I still have a lot of extra material to get through, but that I will bring along for a long flight on Thursday. That will serve to extend the joy of this masterpiece. Maybe I will also do some whistling…

Wednesday 1 June 2016

The Unvanquished (Aparajito) (1957)

I am back from my voyage to the other side of the world and that means it is again time to write some movie reviews. I brought with me the Indian movie “Aparajito” and except for some plane movies that was what I managed to watch. That is a good thing really because it meant I had a good and eventful trip.

It is no secret that I have a troubled relationship with India. I do not understand that country and I understand the people less. Something that makes watching Indian movies in general rather confusing. However when Satyajit Ray made the Apu trilogy of which “Aparajito” is the second he employed the European Neorealist style rather that the traditional Indian ones and thereby opened the movie for westerners like me. It certainly helps, but there is still a lot to baffle the viewer here.

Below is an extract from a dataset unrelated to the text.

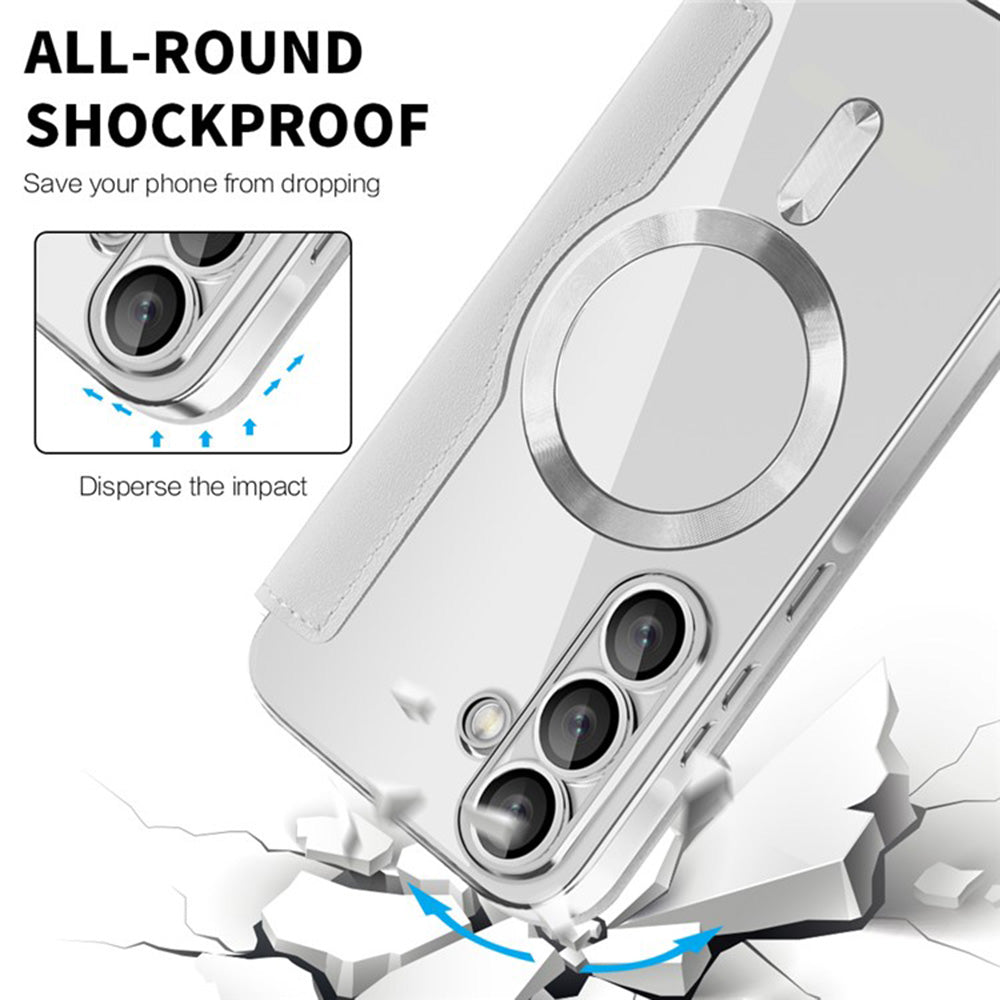 Techsuit - SmartMag Book Case - Galaxy A36 5G - Gray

“Aparajito” takes up the story where “Pather Panchali” left it. The little family, Apu and his parents, has moved to a big city and are getting along decently well when Apu’s father dies. As the breadwinner, Apu’s father was pretty important for the family who must now move back to the countryside again. In the village Apu discovers a school and with the help his mother he enrolls. Fast forward a few years and we see that Apu is doing extraordinarily well in school. He is granted a scholarship and moves to the big city to further his study. This is particularly hard on Apu’s mother who finds herself entirely alone. Daughter and husband has died and the son is studying in a faraway city so now she is rusting away in loneliness, something you apparently can die from eventually, which is exactly what happens to Apu’s mother.

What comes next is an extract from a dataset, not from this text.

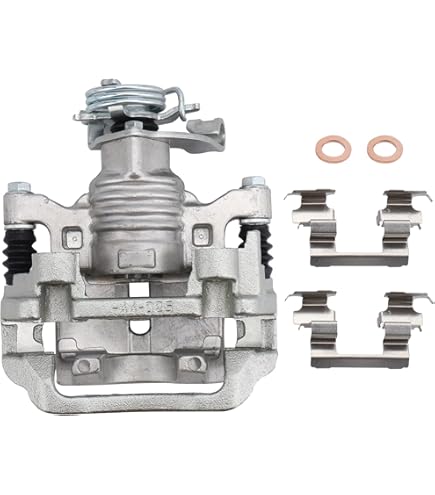 Rear Disc Rotors + Brake Calipers And Brake Pads For Chevy Malibu HHR G5 G6 Aura - Foto 3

So, yeah, a continuation of the misery from the first movie.

Technically “Aparajito” appears to be a big step up from the first movie. Scene composition, lighting, cutting and even the acting is sharper now. Where “Pather Panchali” would often feel incredibly slow “Aparajito” keeps a much better pace helping me to stay interested. Mind you it is still a slow movie where very little is played out for dramatic effect, just sort of a portrait of everyday events that add up to the personal tragedy these people are experiencing. In a sense that is both the best and worst of Italian neorealism and “Aparajito” crosses that line where I get personally invested in these people, for better and worse (Italian movies of this era can generally be grouped into two groups, the good ones where I do get invested and the poorer ones where I do not).

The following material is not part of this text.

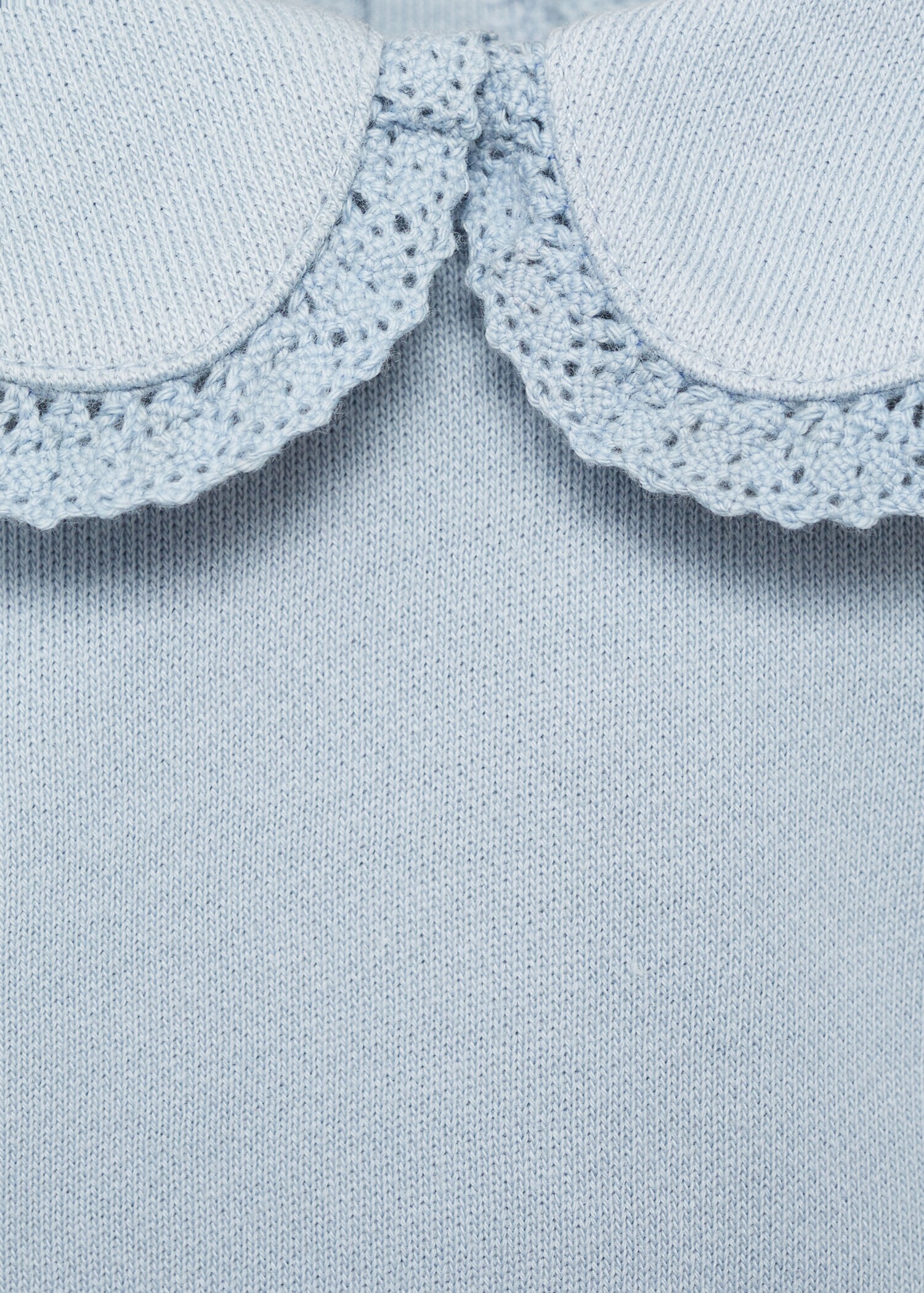 Babydoll neck sweatshirt - Details of the article 8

There is that sense of realism here that makes this a window into real lives and not the staged ones it is obviously portraying. I always find that interesting and thank heavens there are no divine intervention or group dancing here. The flipside however is that reality was and is in India dismal and in my eyes weird. On a personal level I do not get these people’s motivations and their actions are often strange. That is the cultural overlay and involve religious elements and traditions and are very far away from my reality. When the movie manages to get below that layer into basic human emotions it does a much better job at engaging me and there are parts there that are really good.

I doubt that a movie about a guy who loses his parents to sickness and poverty is a movie I would take out for easy entertainment. Maybe my motivation should be to get subdued and reminded why I do not want to go to India and I do not really need a movie for that. Having said that this is not a bad movie. A punch in the stomach, yes, but a well-crafted example of neo-realism.